Work request: Each entry below is to be written out exactly, and the pictures are to be left out.

Recorded information:

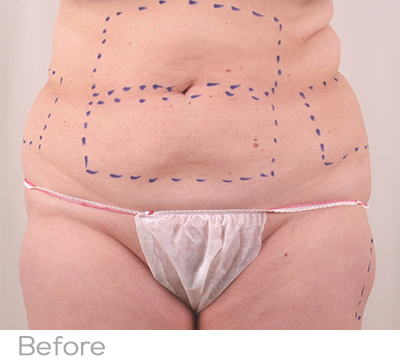 Exilis Before Photo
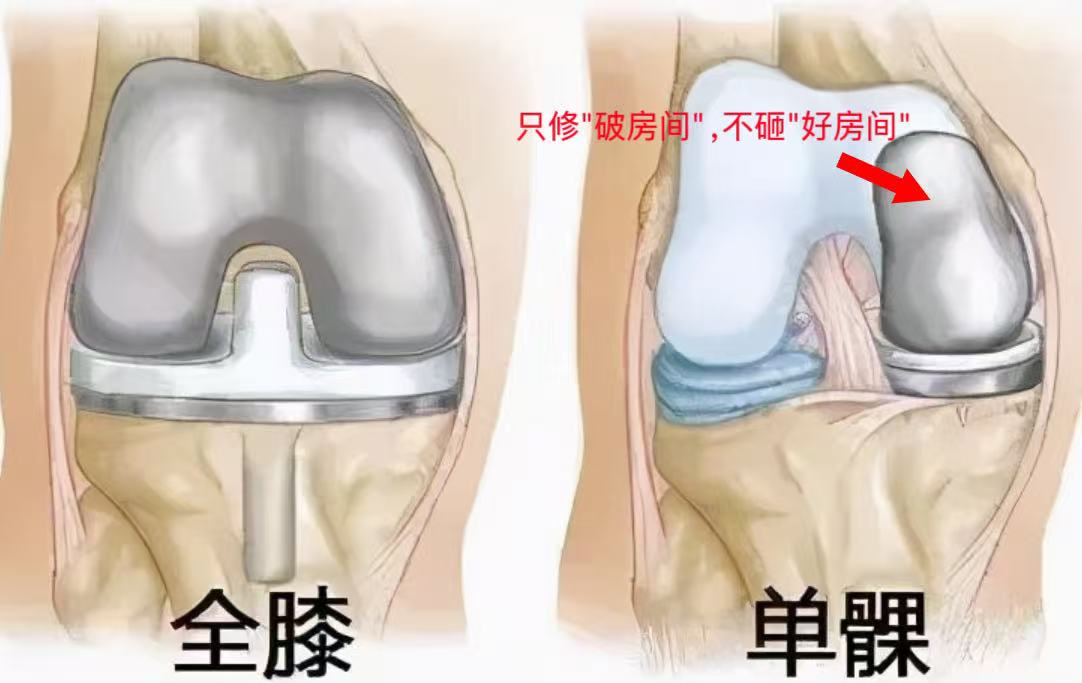 单髁置换宣传图片1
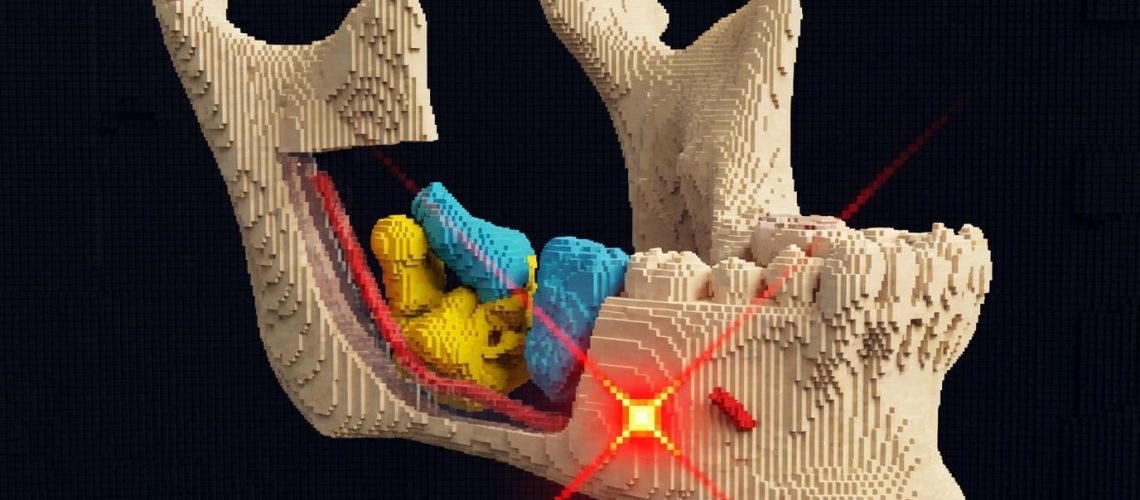 Laser y recuperacion nerviosa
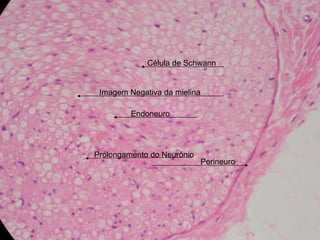 Perineuro Célula de Schwann Prolongamento do Neurônio Endoneuro Imagem Negativa da mielina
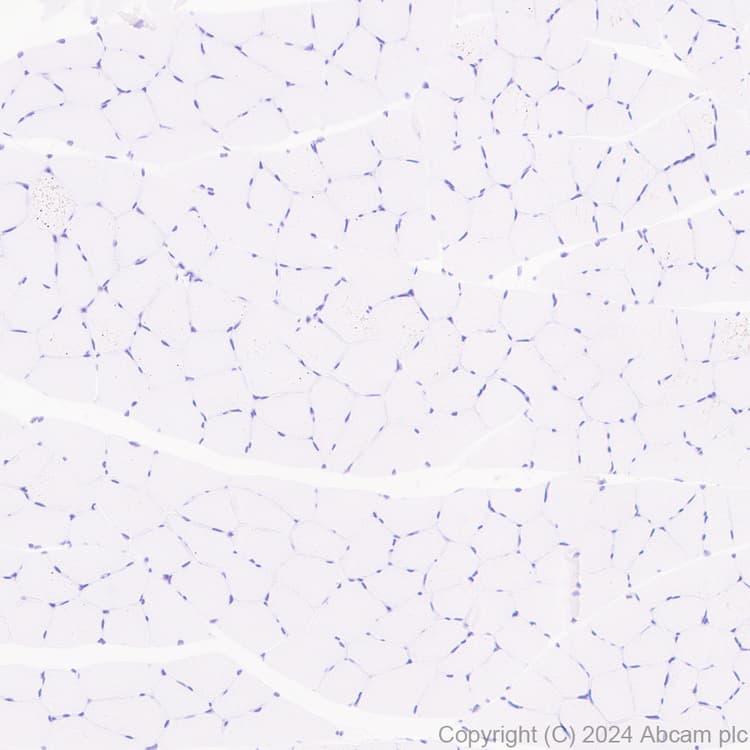 Lox 1 Antibody Epr27871 67 Bsa And Azide Free Ab317690  Immunohistochemistry Formalin Pfa Fixed Paraffin Embedded Sections Img432112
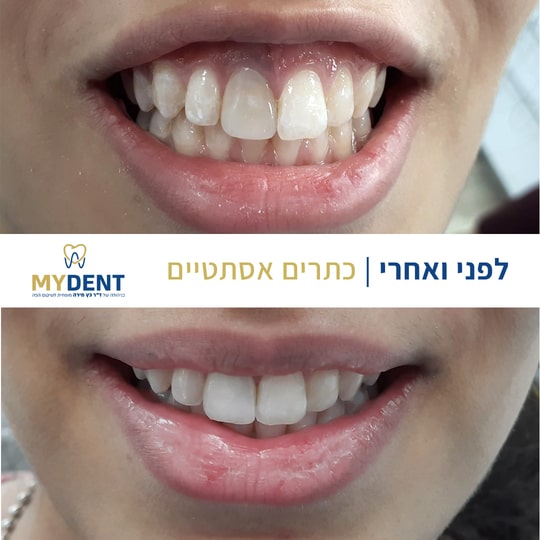 before-after-2-min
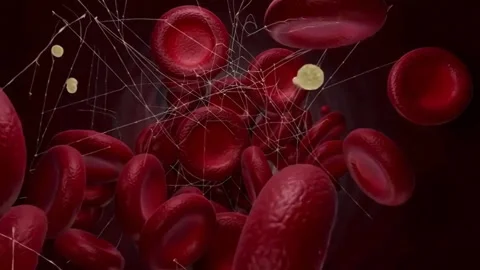 Microscopic view of blood coagulation and thrombosis in a vein Stock Footage 331860060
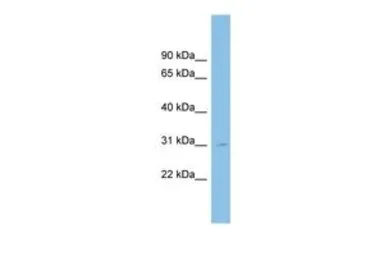 Anti-SPATA9 antibody, N-term used in Western Blot (WB). GTX45934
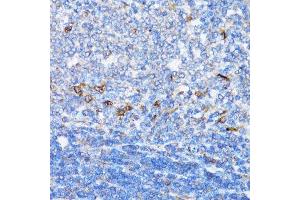 Immunohistochemistry of paraffin-embedded rat spleen using NDE1 antibody. (NDE1 抗体  (AA 1-110))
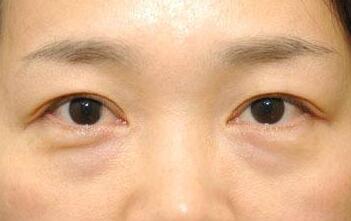 超聲波眼袋摘除術(shù)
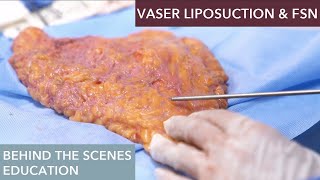 The Science Behind Vaser Liposuction How Does It Work [upl. by Fanni471]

Response:
 Exilis Before Photo
 单髁置换宣传图片1
 Laser y recuperacion nerviosa
 Perineuro Célula de Schwann Prolongamento do Neurônio Endoneuro Imagem Negativa da mielina
 Lox 1 Antibody Epr27871 67 Bsa And Azide Free Ab317690  Immunohistochemistry Formalin Pfa Fixed Paraffin Embedded Sections Img432112
 before-after-2-min
 Microscopic view of blood coagulation and thrombosis in a vein Stock Footage 331860060
 Anti-SPATA9 antibody, N-term used in Western Blot (WB). GTX45934
 Immunohistochemistry of paraffin-embedded rat spleen using NDE1 antibody. (NDE1 抗体  (AA 1-110))
 超聲波眼袋摘除術(shù)
 The Science Behind Vaser Liposuction How Does It Work [upl. by Fanni471]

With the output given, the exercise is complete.